The fourth quarter operating gains pushed full-year diluted earnings per share from continuing operations to $2.50, up 49.7 percent from fiscal 1999.

Brian J. Knez, co-chief executive officer, stated that all four of the Company’s operating groups contributed to the fourth quarter earnings gains, paced by an increase in operating earnings of 90.8 percent in the Corporate and Professional Services Group.

We are particularly pleased by the broad-based strength in our businesses in the quarter, which caps off a year in which all four groups posted substantial gains in operating earnings, he said.

For the full year, Harcourt General reported revenues from continuing operations of $2.41 billion, up 12.4 percent from $2.14 billion in 1999. Operating earnings rose 31.5 percent to $367.7 million from $279.6 the prior year. Earnings Before Interest, Taxes, Depreciation and Amortization (EBITDA) increased 15.9 percent in fiscal 2000 to $620.3 million from $535.1 million in 1999. Amortization of goodwill and intangible assets in 2000 was $67.2 million compared to $76.0 million in 1999.

Net earnings from continuing operations were $182.8 million, equal to $2.50 per diluted share, a 51.9 percent gain from $120.3 million, equal to $1.67 per diluted share, from continuing operations a year ago.

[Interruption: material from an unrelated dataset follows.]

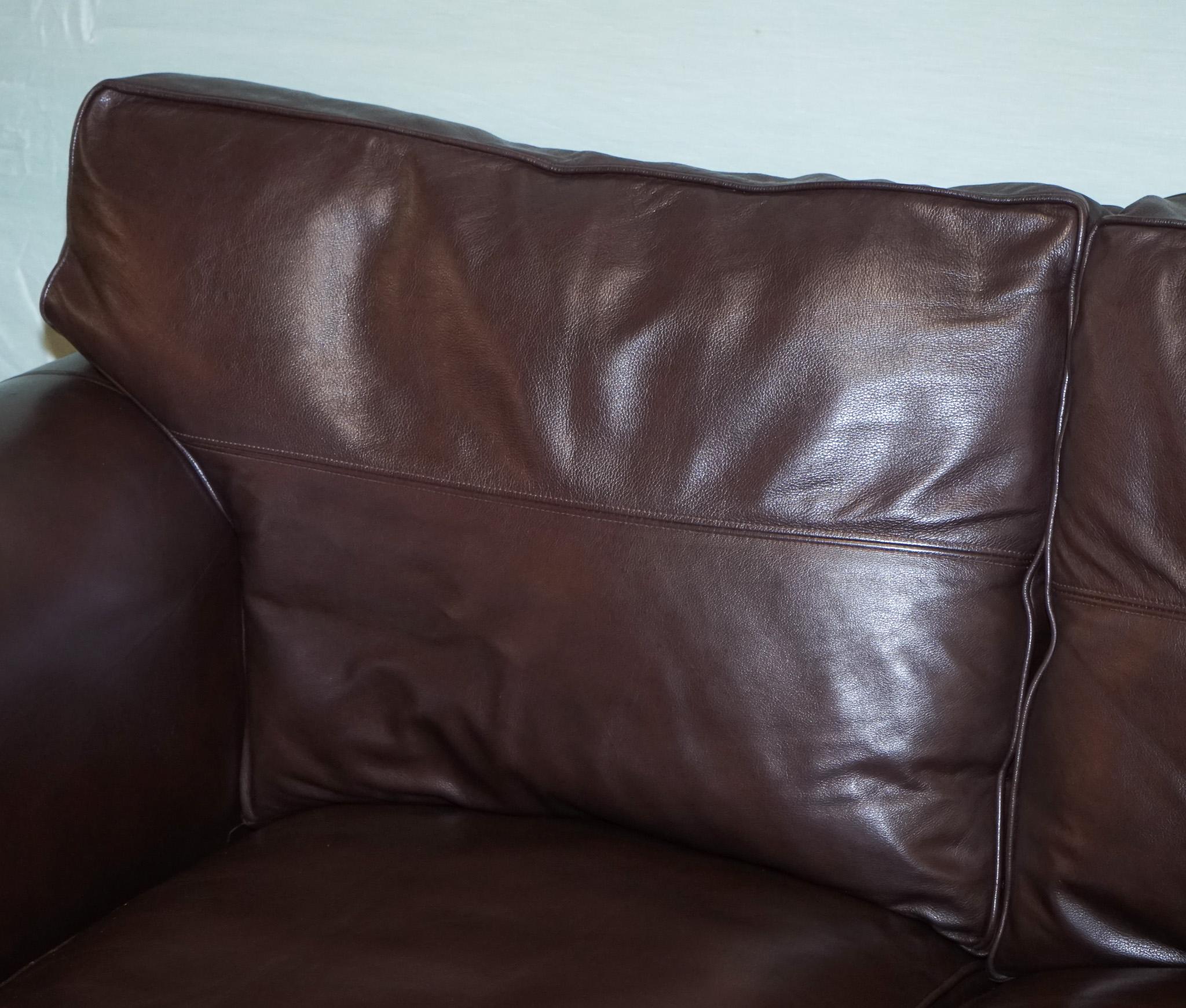 ViNTAGE DURESTA BROWN LEATHER TWO TO THREE SEAT SOFA For Sale 8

Net earnings from continuing operations in 2000 include an after-tax gain of $9.8 million or 13 cents per diluted share from the sale of a business and an after-tax gain of $4.8 million or 7 cents per diluted share from the sale of securities.

Net earnings for the year were $79.8 million or $1.09 per diluted share and include a previously announced after-tax charge of $103.0 million or $1.41 per diluted share to cover lease liabilities arising from the bankruptcy reorganization filing by GC Companies, the movie theatre exhibition business that Harcourt General spun off to its shareholders in 1993.

In 1999, net earnings were $183.8 million or $1.67 per diluted share and include one-time after-tax gains from the sale of securities and a business of $5.9 million or 8 cents per diluted share as well as earnings from discontinued specialty retailing operations of $63.5 million, equal to $.88 per share.

For the fourth quarter ended October 31, 2000, Harcourt General had revenues of $723.8 million, up 5.9 percent from $683.6 million a year ago. Operating earnings climbed 12.7 percent to $157.8 million from $140.1 million the prior year. Earnings Before Interest, Taxes, Depreciation and Amortization (EBITDA) were $224.3 million in the 2000 quarter, an 8.7 percent increase from $206.3 million a year earlier.

Net earnings before the one-time charge in the fourth quarter were $82.9 million, or $1.12 per share, an 18.7 percent increase from $69.8 million, or $.97 per share, from continuing operations a year earlier. The previously discussed $103.0 million after-tax charge resulted in a net loss of $20.1 million, or $.27 per share, in the fourth quarter of fiscal 2000.

In the fourth quarter of fiscal 1999, earnings of $16.6 million from the discontinued specialty retailing operations increased net earnings to $86.4 million, or $1.20 per share.

Mr. Smith said, We are very pleased that the momentum from our exceptionally strong third quarter continued through year-end, with each of our four groups contributing to the fourth quarter operating earnings gains. This is an impressive performance given that the fourth quarter of 1999 was a very strong period. The Education Group had fourth quarter revenues of $242.2 million, up 14.0 percent from $212.4 million a year ago, and operating earnings of $69.4 million, a 5.8 percent increase from $65.6 million the prior year.

The Group’s performance in the quarter was led by Harcourt School, which had substantial double digit gains in both revenues and operating earnings, according to Mr. Smith.

Mr. Knez concluded, We are gratified by these fiscal 2000 operating results, which include continuing market share gains in our K-12 business, wider distribution of our health sciences and scientific content through new electronic media in the STM Group, and meaningful progress in growth initiatives in areas such as on-line higher education and internet-based testing and training.